The dataset contains the files nodes.csv, node_types.csv, edges.csv, edge_types.csv, schema.csv and Geolocations_ESRI102017.csv. The format and content of these files is described in greater detail below.
Each line contains a node type ID as integer.
The node IDs, starting implicitly with 0, are sorted in ascending order, and are continuous.
For example, if line 813 (assuming the first line is numbered with 0) contains 5\n, this signifies that the 814th node (node ID 813) has the sixth node type (as numbering of node type IDs also starts with 0), which is explained in node_types.csv.
Each line contains a node type label.
The node type IDs implicitly start with 0, are sorted in ascending order, and are continuous.
For example, line 5 Geolocation\ (assuming the first line is numbered with 0) signifies that the sixth node type (node type ID 5) has the label 'Geolocation'.
Hence, the node with ID 813 from the previous example is a Geolocation-type node.

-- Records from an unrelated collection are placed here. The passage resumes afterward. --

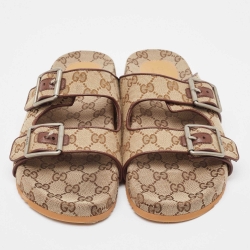 Pre Owned Gucci Beige GG Canvas Double Strap Slide Sandals Size 41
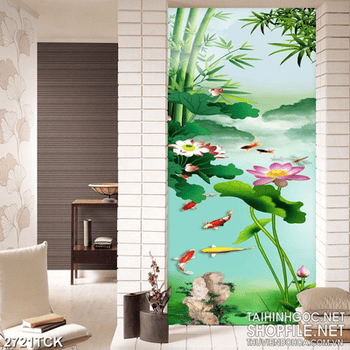 Tranh những bông sen hồng bên đàn cá chép xinh đẹp in 5d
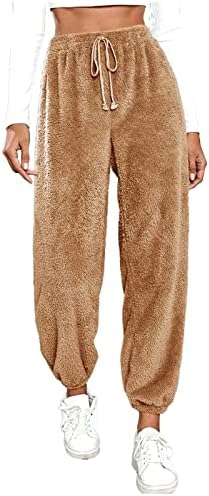 XIPCOKM Femei pentru femei cu talie înaltă cu talie înaltă joggeri termici Pantaloni de iarnă cu buzunare SOILD CONTRUME DE TRENURI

Each line contains a source node ID, an edge type ID, and destination node ID, all encoded as integers and separated by comma.
The edge IDs are implicitly assumed in ascending, continuous fashion, starting with 0, and sorted by source node ID primarily and destination node ID secondly.
For example, line 1694 819,17,811\n signifies that the 1695th edge (edge ID 1694) of the edge type ID 17 points from the node with ID 819 to the node with ID 811. Nice.
Each line contains an edge type label.
The type IDs implicitly start with 0, are sorted in ascending order, and are continuous.
For example, line 17 find_material\n (assuming the first line is numbered with 0) signifies that the 18th edge type (edge type ID 17) has the label 'find_material'.
Hence, edge 1694 from the previous example is a find_material edge that connects Find 819 to Material 811.
Each line contains a source node type ID, and a destination type ID, separated by comma.
The lines are sorted by the edge type ID primarily, and secondly by source node type (in case of symmetric relations split into two edge types).
For example, the first line (i.e. line 0) 1,2\n signifies that the first edge type (ID 0) points from nodes of type 1 to nodes of type 2.
Each line contains the ESRI102017 (WGS 1984 Lambert Azimuthal EqArea North Pole) coordinates of a Geolocation node, where the first line contains the coordinates of the first Geolocation node occurring in the nodes.csv file (i.e., the first node of node type 5). This coordinate information is used to compute the spatial proximity of pairs of Geolocations.